City Amidst the Clouds


On the drive from Heredia to Monte Verde today, we went through many different communities. There was the urban center of San Jose/Heredia, tourist area of the Pacific coast, and the rural agricultural area of Monte Verde. Since arriving here on Saturday night, my idea of Costa Rica has changed significantly.

I originally thought that all Costa Ricans were very focused on sustainability, that the country was mainly flat, and that coffee farming was a prized job. All of these have turned out to be mainly false. Costa Rica is extraordinarily mountainous, with the continental plate colliding along the country the mountains soar into the clouds here in Monte Verde, so that misconception was purely my fault. Coffee farming is not exactly a prized job, because there are so many spots to fill inside of a coffee farm. Owning a successful plantation is most certainly a prized job because of the amount of profits that they can earn, but picking coffee is a migrant worker job and just hard labor without much chance of earning promotions or increased wages. So here I have realized that working inside the coffee business is just the same as most other business models, everyone wants to be on top. The tricky one is the sustainability focus of Ticos. Most Ticos care about the environment in theory but do not do much to make sure that they personally are contributing to their country’s sustainability. Trash is scattered throughout the streets in the larger city and larger items are not recycled very often because of the difficulty getting to the recycling plants or pickups. Some people are very passionate about their country’s sustainability, yet it seems like there is a larger part of the population that doesn’t care so much about creating a sustainable environment.

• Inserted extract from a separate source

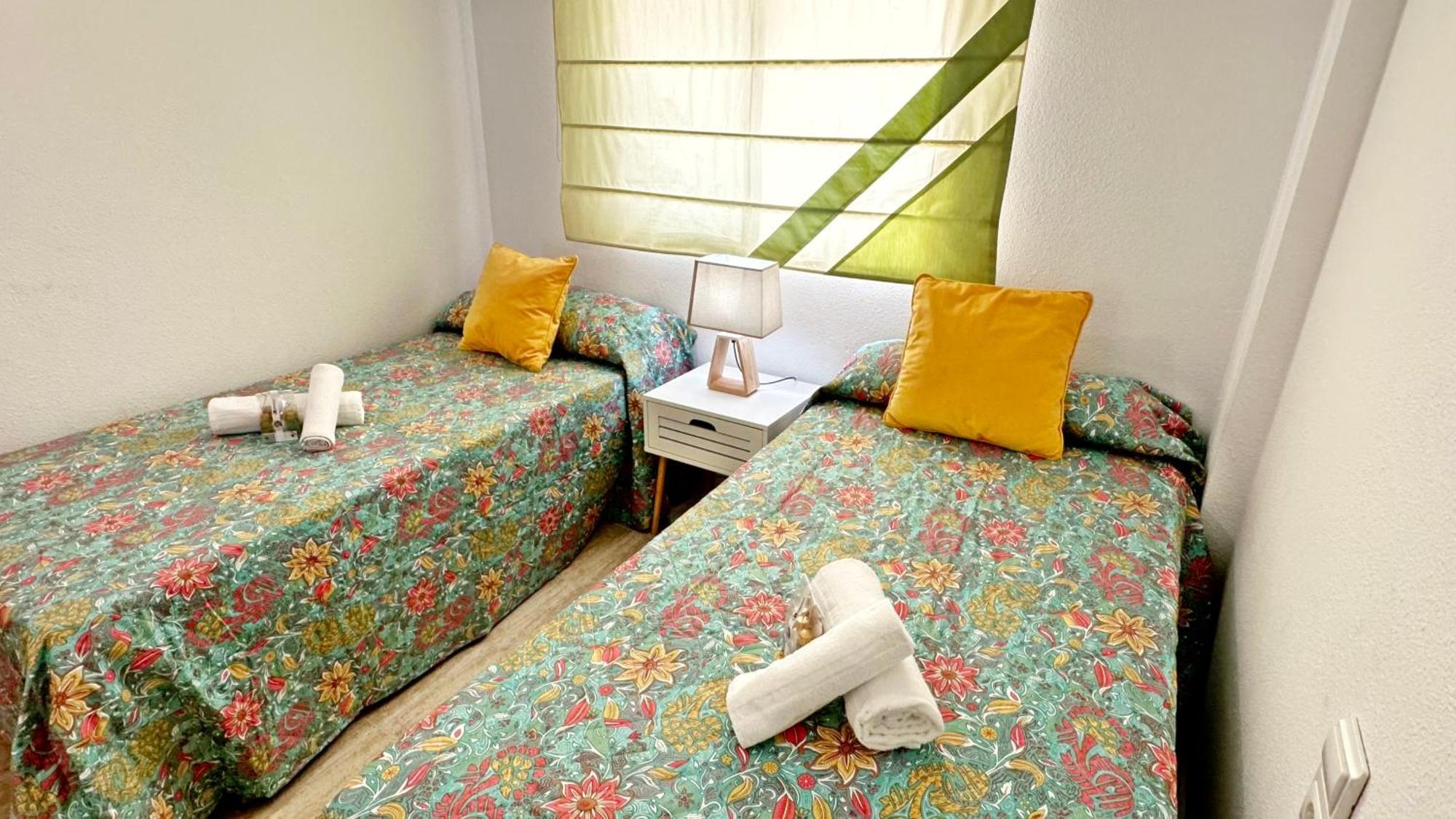 Apartamento SAN FERNANDO 40 - A 100 metros de la Playa Oliva Exterior foto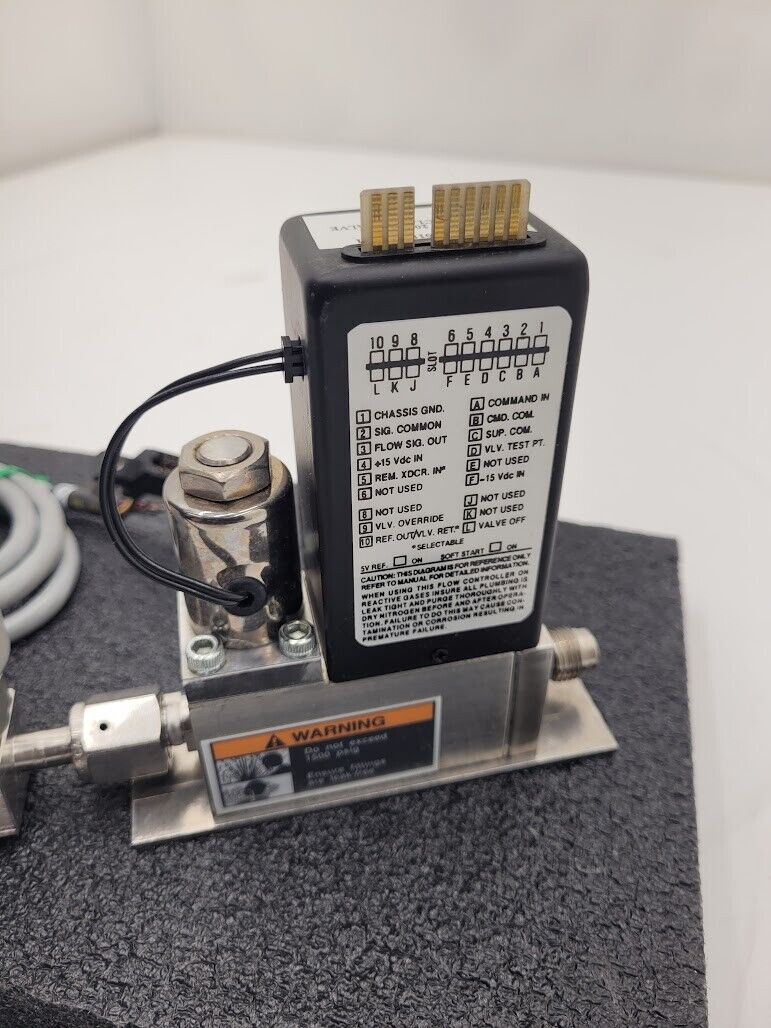 Brooks Instrument 5850EM Mass Flow Controller MFC 5850E TMB Gas 200 SCCM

Driving through Heredia, the level of development really stuck out to me. Buildings lined the road offering all types of services and the traffic was bumper to bumper the entire way through the city. The congestion and completely developed land gave it a very urban feel. Horns blared whenever something good or bad happened. Someone lets you in, then give them three quick honks; Someone isn’t moving as fast as you like, then give them a blast of the horn; Someone tries to cut into your lane, then make as much noise as you want with the horn. The people are friendly and are happy to help you with your Spanish attempts.

At sea level along the Pacific coast, there is a large discrepancy in the sights along the road. On one side, there is the ocean and perfect rolling waves, the picturesque scene only marred by multiple cargo ships chugging along close to shore. And on the other, there are many smaller run down houses along the road and farms. Additionally, there are advertisements lining the billboards paralleling the highway. Except, these billboards aren’t advertising things that the people living there can afford. Instead, things like tourism adventures like zip lining or mountain hikes and nice new homes cover the bill boards. Another striking thing about these ads were that they were in English, with Americans in the pictures. They were ONLY for tourists. Tourism is taking over parts of Costa Rica because of the large amounts of money that can be earned through it if it becomes successful, and apparently, this stretch of the Pacific Coast fell victim to it.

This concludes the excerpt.